Libre Office

 LibreOffice is the free power-packed Open Source personal productivity suite for Windows, Macintosh and Linux, that gives you sixfeature-rich applications for all your document production and data processing needs: Writer, Calc, Impress, Draw, Math and Base.   The Document Foundation released the first new version of its LibreOffice suite on January 25th, and it was far too tempting not to grab a copy and run it through its paces. And while there are a few new features of note, this is still pretty much OpenOffice.org, with all the attendant advantages and foibles. 
Libre Libre

This is to be expected, of course, since the fork of LibreOffice from the Oracle-controlled (formerly Sun-controlled) OpenOffice.org project only occurred four months ago Expecting a drastic change is folly in that timeframe.But it still bears noting, because a lot of the problems users may have with the OpenOffice.org suite could still be present. A lot, but not all, so let’s give credit where credit is due.The feature I found most helpful in LibreOffice 3.3 was a much better improvement in file importing from Microsoft Office.

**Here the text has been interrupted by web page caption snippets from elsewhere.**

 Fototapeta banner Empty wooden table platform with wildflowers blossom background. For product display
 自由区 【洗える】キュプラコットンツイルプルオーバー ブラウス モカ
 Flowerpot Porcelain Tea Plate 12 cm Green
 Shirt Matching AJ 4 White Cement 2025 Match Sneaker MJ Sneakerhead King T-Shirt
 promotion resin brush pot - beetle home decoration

OpenOffice.org has long-touted its capability to open and save Office files, but in reality most users know that any file with any kind of complexity was going to have to have problems coming across. In LibreOffice, that’s no longer the case. Opening some heavily-revised and commented chapter files from my last book in OpenOffice.org usually leads to mis-rendered comments and loads of font issues. LibreOffice Writer didn’t even blink: all revisions, comments, and fonts came across perfectly.

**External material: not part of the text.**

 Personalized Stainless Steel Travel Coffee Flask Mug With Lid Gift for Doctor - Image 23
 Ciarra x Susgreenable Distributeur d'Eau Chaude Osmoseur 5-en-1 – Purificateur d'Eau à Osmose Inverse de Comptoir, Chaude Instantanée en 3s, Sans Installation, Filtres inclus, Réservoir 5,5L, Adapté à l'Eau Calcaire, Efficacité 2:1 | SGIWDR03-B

This was good news, since I would much rather use LibreOffice on Linux than fire up a Windows VM when I’m writing for publishers insistent on clean .docx files. The remainder of LibreOffice Writer’s new features were also useful. I liked the page numbering tool, and I really appreciated the new Print dialog box (which is present in all of the LibreOffice tools).

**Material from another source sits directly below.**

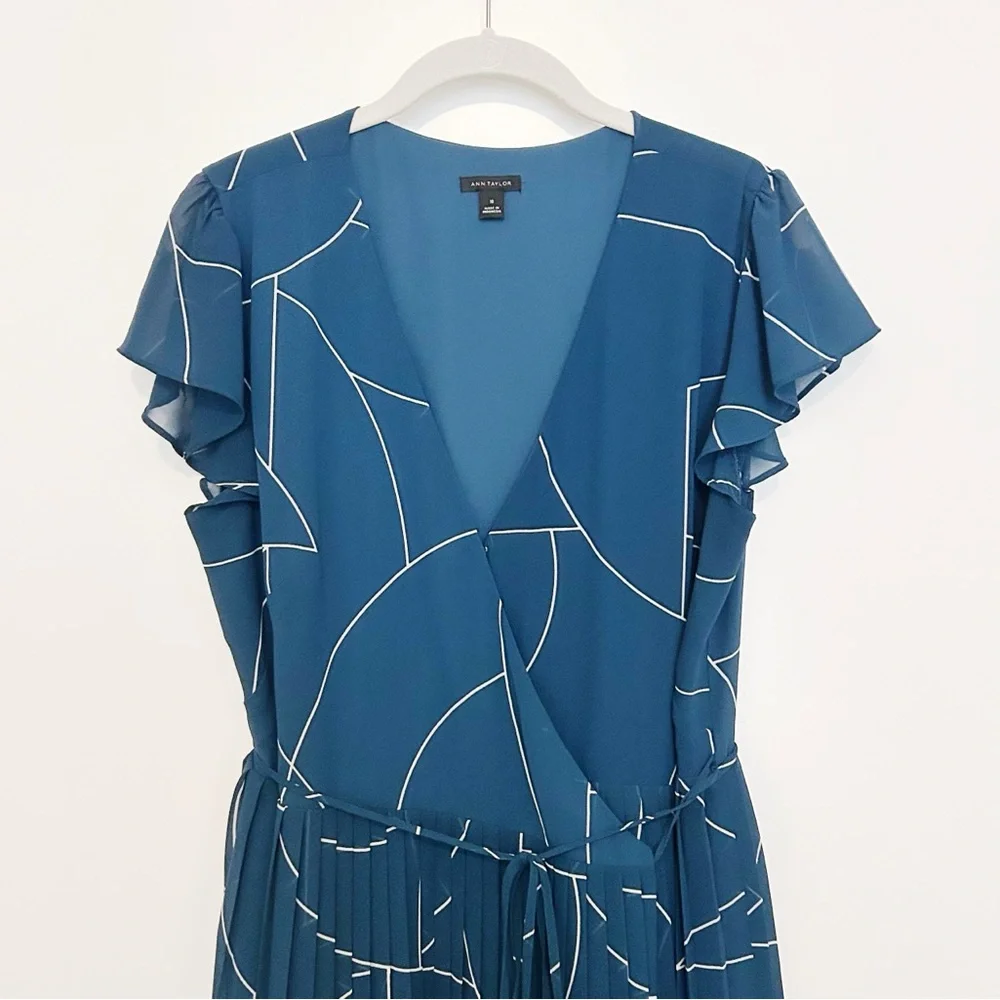 Ann Taylor Geo Chiffon Wrap Dress - Picture 5 of 8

I know, it’s a little odd to get excited about a dialog box, but I always have found the OpenOffice.org Print dialog box rather clunky, so it’s LibreOffice counterpart is a breath of fresh air. Calc was another story. Fonts and basic were converted perfectly, but there are a lot of not-really-that-obscure Excel functions that didn’t come across at all. Seriously, what good is it to have SUMIF and COUNTIF but not their multi-range/criteria counterparts SUMIFS and COUNTIFS? And don’t look for AVERAGEIF and AVERAGEIFS — not there. These are not, I believe, all that rare, and the lack of these functions and others like them are a notable detriment.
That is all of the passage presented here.